Два года спустя группа безжалостных радикальных джихадистов и туарегов совершила набег на Томбукту, свергла выбранное правительство, захватила контроль над городом и всем севером Мали, установила жесткую форму исламского правления и превратила эту территорию в настоящий магнит для всех международных террористов – афганцев, пакистанцев, нигерийцев, «Ансар-ад-Дин», «Аль-Каиды» исламского Магриба. Они разрушили три объекта Всемирного наследия ЮНЕСКО, столь ценимые местными жителями, заменили мирное личное почитание бога жестким и подавляющим законом шариата, до смерти забили камнями пару за внебрачные отношения, избили и бросили в тюрьму всех несогласных, стали причиной бегства сотен тысяч людей и поклялись положить конец всем сношениям с западным миром. Позже французский спецназ оттеснил их обратно к горам, где они и находятся до сих пор, опасные и убежденные в своей правоте.
* * *
Когда починка нашей машины была окончена, мы отправились на юго-юго-запад, откуда и приехали, и после дня поездки в этом направлении мы повернули на восток, к нагорью Бандиагара, стране догонов, которые находились примерно в 600 километрах. После часа жуткой тряски по колее, которая была протоптана на несколько футов до самых камней и твердой почвы поколениями путешественников, Бог, которого уже достали сварочные мастерские, скомандовал Бернарду вести машину по мягкому песку, но ехать параллельно глубоко утрамбованной дороге.

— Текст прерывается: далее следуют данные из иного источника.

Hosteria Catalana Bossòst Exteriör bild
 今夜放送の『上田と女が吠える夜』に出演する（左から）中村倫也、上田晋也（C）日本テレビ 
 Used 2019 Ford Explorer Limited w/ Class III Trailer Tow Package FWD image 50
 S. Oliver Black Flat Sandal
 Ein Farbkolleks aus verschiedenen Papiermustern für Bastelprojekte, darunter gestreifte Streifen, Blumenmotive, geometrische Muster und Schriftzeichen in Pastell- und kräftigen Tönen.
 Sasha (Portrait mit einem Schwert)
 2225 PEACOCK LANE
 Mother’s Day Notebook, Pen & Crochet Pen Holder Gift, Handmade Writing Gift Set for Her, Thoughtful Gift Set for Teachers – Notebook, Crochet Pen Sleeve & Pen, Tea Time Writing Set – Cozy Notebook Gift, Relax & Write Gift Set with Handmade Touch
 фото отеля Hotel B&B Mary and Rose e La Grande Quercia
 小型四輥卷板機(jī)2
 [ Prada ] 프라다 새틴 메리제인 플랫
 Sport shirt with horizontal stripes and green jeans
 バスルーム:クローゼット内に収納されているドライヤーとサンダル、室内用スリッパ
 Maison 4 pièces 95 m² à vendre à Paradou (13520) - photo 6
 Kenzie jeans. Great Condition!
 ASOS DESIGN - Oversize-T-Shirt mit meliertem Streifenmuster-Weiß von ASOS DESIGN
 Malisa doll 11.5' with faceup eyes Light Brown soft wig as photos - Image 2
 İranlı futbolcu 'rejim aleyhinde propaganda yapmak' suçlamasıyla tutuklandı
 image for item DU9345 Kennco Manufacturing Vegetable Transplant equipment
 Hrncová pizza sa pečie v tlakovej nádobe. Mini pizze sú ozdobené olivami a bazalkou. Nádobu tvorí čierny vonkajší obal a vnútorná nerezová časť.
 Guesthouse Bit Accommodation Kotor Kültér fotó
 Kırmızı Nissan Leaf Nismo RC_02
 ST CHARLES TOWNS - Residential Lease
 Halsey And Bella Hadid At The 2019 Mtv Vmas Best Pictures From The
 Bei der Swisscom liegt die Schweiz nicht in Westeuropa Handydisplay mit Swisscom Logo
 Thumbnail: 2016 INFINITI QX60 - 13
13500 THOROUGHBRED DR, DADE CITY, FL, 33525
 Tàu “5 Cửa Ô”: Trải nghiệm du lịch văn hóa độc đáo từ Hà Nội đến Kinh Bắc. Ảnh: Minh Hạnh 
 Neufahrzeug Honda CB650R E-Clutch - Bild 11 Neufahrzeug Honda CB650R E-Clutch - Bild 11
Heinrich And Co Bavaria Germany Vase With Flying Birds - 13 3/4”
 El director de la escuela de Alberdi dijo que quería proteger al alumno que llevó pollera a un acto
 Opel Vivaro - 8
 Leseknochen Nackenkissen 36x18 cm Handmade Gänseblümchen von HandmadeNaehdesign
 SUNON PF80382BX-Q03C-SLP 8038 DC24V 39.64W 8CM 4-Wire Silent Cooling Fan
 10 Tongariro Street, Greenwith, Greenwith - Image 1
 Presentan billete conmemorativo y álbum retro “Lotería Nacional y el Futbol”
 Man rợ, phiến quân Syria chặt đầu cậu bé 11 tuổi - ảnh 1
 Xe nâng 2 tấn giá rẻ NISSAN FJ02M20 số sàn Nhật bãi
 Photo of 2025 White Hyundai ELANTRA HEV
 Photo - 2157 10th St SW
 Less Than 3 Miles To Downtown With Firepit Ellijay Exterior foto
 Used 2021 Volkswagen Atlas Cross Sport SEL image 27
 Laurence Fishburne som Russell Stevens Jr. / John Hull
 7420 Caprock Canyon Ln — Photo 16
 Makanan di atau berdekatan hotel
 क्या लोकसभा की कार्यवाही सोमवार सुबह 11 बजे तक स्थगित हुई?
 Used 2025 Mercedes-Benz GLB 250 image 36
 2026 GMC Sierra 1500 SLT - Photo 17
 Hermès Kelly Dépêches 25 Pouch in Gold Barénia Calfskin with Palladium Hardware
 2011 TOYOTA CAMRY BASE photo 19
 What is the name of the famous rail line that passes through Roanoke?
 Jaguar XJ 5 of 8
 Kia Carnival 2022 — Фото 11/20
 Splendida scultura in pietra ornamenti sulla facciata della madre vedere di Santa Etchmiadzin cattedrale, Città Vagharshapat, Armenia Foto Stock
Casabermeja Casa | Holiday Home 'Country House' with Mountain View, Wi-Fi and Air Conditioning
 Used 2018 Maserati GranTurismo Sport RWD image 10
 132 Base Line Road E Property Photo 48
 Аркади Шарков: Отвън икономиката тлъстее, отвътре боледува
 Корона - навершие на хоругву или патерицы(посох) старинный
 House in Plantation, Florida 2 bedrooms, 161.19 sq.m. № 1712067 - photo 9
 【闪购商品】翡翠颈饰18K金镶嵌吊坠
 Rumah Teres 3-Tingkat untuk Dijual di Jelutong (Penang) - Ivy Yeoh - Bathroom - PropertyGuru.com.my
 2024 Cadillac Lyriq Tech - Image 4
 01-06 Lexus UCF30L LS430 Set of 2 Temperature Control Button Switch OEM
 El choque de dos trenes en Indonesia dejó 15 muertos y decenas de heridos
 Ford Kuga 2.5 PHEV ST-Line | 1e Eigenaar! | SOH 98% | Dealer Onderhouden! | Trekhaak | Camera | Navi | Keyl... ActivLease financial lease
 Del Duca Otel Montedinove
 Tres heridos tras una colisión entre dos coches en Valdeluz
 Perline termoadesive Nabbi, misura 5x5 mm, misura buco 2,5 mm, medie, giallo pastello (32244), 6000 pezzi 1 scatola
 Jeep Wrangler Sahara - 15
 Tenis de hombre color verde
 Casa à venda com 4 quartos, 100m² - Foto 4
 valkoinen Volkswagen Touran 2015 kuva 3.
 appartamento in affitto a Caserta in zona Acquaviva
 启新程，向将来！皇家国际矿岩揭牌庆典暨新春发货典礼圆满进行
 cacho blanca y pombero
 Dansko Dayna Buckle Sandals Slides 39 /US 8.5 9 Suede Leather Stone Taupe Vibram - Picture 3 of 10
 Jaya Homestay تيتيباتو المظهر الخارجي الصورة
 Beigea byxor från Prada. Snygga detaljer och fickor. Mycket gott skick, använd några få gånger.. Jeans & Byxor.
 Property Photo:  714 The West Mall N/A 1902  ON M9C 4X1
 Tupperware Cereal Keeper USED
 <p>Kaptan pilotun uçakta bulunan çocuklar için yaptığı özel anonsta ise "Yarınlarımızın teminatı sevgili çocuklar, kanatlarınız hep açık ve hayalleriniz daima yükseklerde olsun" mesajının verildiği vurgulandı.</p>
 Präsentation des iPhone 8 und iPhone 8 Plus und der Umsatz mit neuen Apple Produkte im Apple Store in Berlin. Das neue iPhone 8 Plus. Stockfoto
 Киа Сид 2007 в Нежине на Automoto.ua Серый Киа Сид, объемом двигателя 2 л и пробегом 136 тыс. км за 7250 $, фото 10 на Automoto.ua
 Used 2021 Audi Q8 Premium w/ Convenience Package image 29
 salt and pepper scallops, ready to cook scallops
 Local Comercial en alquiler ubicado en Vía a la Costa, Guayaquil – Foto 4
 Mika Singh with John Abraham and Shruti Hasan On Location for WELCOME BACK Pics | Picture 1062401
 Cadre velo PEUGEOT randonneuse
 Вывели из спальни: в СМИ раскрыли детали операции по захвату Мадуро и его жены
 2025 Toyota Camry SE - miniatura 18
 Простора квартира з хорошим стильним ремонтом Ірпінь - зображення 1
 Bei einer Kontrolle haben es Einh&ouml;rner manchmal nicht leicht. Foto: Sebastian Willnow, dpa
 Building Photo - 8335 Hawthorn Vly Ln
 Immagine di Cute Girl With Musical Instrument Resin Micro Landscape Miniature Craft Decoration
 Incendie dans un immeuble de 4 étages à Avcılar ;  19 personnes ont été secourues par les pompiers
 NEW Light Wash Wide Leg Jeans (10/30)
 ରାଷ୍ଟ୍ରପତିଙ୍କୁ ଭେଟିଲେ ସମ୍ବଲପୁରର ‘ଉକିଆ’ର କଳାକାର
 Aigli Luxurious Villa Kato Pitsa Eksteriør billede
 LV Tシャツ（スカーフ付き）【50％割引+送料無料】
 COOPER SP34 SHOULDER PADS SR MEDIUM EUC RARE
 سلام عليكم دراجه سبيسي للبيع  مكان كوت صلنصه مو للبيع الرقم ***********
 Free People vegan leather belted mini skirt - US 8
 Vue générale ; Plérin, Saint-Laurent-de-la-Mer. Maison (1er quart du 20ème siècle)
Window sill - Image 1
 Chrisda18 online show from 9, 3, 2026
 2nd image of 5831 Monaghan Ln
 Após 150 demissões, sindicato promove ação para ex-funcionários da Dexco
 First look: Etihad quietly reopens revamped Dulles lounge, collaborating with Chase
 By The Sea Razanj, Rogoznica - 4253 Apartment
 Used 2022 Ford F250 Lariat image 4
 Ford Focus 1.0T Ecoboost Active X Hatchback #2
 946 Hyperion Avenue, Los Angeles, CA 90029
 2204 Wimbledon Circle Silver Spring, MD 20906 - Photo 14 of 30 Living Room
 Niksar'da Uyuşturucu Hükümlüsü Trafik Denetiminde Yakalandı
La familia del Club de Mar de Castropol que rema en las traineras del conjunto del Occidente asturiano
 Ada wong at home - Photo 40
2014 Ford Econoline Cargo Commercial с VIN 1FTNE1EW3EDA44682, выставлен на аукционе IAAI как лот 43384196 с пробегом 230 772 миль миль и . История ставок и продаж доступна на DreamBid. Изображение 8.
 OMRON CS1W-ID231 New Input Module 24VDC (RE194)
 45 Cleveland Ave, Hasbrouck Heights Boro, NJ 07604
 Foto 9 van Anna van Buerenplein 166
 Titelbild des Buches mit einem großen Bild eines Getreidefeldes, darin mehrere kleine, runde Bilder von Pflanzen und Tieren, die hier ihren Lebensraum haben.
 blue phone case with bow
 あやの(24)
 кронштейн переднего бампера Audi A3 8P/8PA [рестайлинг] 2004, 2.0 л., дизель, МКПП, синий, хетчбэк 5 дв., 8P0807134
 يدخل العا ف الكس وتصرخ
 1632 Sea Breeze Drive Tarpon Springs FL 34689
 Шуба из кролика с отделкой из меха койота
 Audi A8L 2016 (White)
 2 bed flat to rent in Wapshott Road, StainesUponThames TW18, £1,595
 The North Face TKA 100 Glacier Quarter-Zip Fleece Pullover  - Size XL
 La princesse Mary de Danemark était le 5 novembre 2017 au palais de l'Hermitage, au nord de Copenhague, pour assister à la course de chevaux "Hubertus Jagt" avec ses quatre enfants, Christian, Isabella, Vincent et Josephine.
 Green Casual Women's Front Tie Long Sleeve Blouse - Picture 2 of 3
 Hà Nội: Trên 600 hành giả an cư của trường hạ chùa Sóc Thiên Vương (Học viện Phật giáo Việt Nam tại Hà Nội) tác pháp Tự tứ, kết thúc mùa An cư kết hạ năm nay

Легче сказать, чем сделать! Пески были настолько сухие и сыпучие, что они не давали опоры, особенно когда нам приходилось подниматься по бесчисленным шести- и семиметровым дюнам. После того как мы застряли три или четыре раза и нам пришлось выкапывать, вытаскивать и толкать машину, Бернард постарался огибать дюны. Когда он приближался к одной из них, он проезжал мимо, и я заметил, что после постоянных поворотов налево мы стали отклоняться к юго-востоку. Вскоре мы потеряли дорогу из виду.
У меня отличное топографическое чутье, и после часа виляния вокруг дюн я был уверен, что мы направляемся к юго-востоку и сбиваемся с курса, уходим все дальше от дороги, но Бог был не согласен. Я оставил свой компас в Бамако с большей частью своего снаряжения, поэтому мне было трудно доказать свои предчувствия. Мы попали в песчаную бурю, но Бернард продолжал движение, хотя и снизил скорость. Буря усилилась и закрыла солнце на целый час, что усугубило наше положение. Вскоре после того, как воздух очистился, мы добрались до дороги, по которой, судя по следам, ездили грузовики и машины. Бог был уверен, что это нужная нам дорога, и распекал меня за мое неверие в его умение ориентироваться, но я был убежден, что мы сбились с пути. Я взглянул на свою карту Мали и заключил, что мы были на дороге к Ансонго, маленькому городу неподалеку от границы с Нигерией и в нескольких сотнях миль от того места, где мы должны были находиться. Я сказал об этом Богу и упрекнул его в том, что в этой местности без каких-либо ориентиров у него не было ни компаса, ни GPS-навигатора.